The bad news is she said I was old in the dream. Really old. Like age-spots on my big forehead old.

I wonder if I was wearing my pants really high in the dream. I don’t care what anyone says, that it a good look.

Anyway, I had only one thought when she told me about the dream.

No kidding.

I think she missed her calling. She should have been a detective.

I guess she has been staring at her laptop and SMARTBoard for so long that she hadn’t noticed that I AM old.

I would like to point out that since I met her she has aged the same number of years, but since I still can’t cook, I will keep that information to myself.

This did get me to thinking.

Another year is almost gone. While I have mentioned this before, I am still amazed by how quickly the years are flying.

The calendar year flies…as does the school year…summer vacation…and most of all, the weekends.

As we head towards the end of the year, I am faced with the fact that my daughter is also getting older.

While she is 7, she maintains a social calendar of a 20 year old (except for the parties, tattoos, and piercings… knock on wood… seriously, everyone reading this knock on wood).

She doesn’t have much time for me.

If I want her to clean her room, I have to contact someone she likes to call “her people”.

It used to be that I only needed to ask her 30 seconds before I left the house if she wanted to tag along with me. Every trip was fun for her. Games, trips to the gas station, or going to the store.

Now when I ask, she says “I need to check my schedule.”

In the last year she has played on 3 soccer teams, a softball team, participated in Girl Scouts, started piano lessons, taken 3 vacations, gone to science camp, learned to swim, played golf, watched about 18,000 hours of Nickelodeon, read roughly 100 books, attended a dozen sleepovers, and joined a choir which practices once a week.

Last night she barely had time to teach me how to use my new Blackberry Storm.

And oh yea. She goes to school.

Which means there is homework at least 4 nights a week.

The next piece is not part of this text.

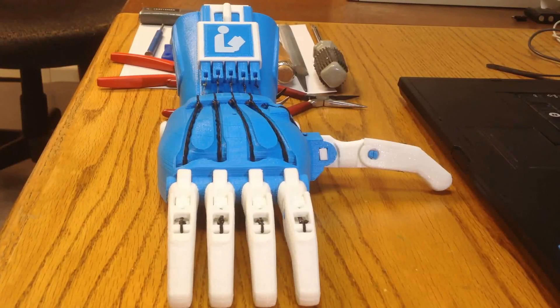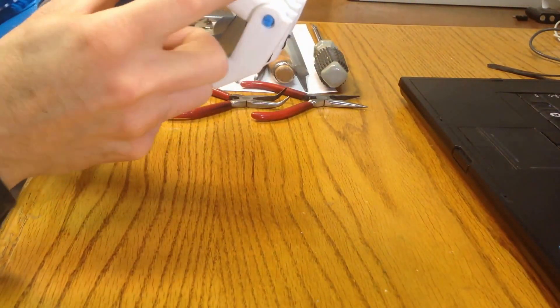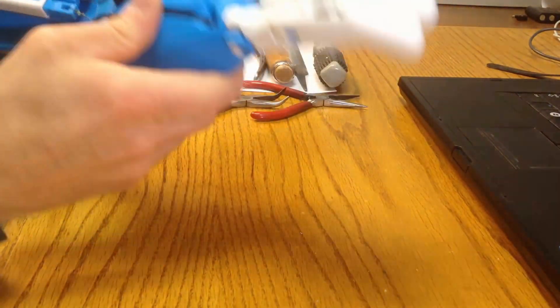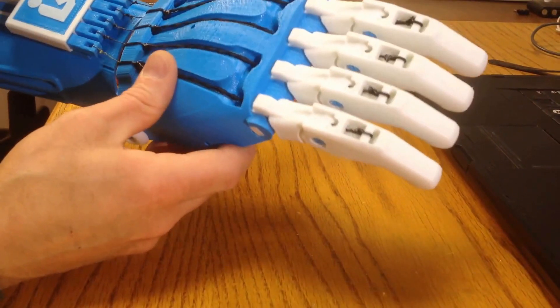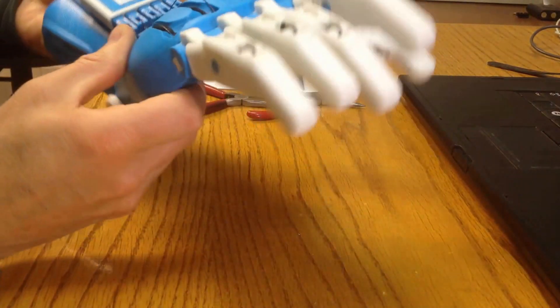I'm going to show you how I address a problem which is not uncommon with the Raptor and Raptor Reloaded, and possibly even the Phoenix-designed hands. Once they've been strung up, there can be problems with excessive friction in parts of the finger mechanism, which means that they don't operate cleanly. Here's an example of a Raptor Reloaded that I've just finished stringing up. Although it looks clean, in reality when I try and operate it, the proximals don't all bend down as you would like, including the thumb. A slow closing of the hand will show that it really isn't operating very cleanly. This is going to need some attention.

Sometimes I wonder if she is too busy. I am torn between encouraging her to participate in everything that interests her and making her slow down.

I have always felt like kids who keep busy, don’t have time to get in trouble.

But I also don’t want her to look back on her childhood and feel like she didn’t have any free time for herself.

I’m torn.

I’ve also thought that my job isn’t being a school administrator, but it is giving her as many opportunities as I can so she can be successful.

When she is older.

And I am actually really old (again, knocking on wood is appropriate).

But is it possible that she can be too busy?

Or that I won’t look good in high water polyester pants hiked up to my nipples?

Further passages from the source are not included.